Wikipedia As Corpus
This page explains how to fetch whole Wikipedias as raw text
Do the following:
- Find the language code for the language you want: It is the two-letter ISO code (se, etc.). If the language has no two-letter code, use the 3-letter code.
- Go to the download page. The URL is http://dumps.wikimedia.org/sewiki/ will give you North Sámi, exchange the se in sewiki with the language code you want.
- In the list that follows, choose the last one before latest/. The
latest one is the same as the one with the last dates (it is just a stable url), the download headers are more nicely formatted in the last dated link. - Download the .bz2 file found under the header
Articles, templates, image descriptions, and primary meta-pages. This will give you the articles.
If you want revision history (e.g. for spellchecker testing), you need All pages with complete edit history (this use is not documented). - When downloaded, open the .bz2 file.

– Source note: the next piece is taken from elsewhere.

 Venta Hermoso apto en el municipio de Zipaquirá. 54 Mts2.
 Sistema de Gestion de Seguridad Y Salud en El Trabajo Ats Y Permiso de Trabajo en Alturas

- Extract it with the script WikiExtractor.py (which is in your
path, in $GTHOME/gt/script/corpus/. The script has a --help option explaining usage. - The output is xml. If you want clean text, you may strip the tags with some command, e.g. this one:
... | sed 's/<[^>]*>//g;' | ...
For convenience, we often store the last version in biggies, e.g. biggies/langs/vep/corp/vepwiki.txt. For larger wikipedias, please store only a part of it (e.g. only the files with names with an initial A (see output)).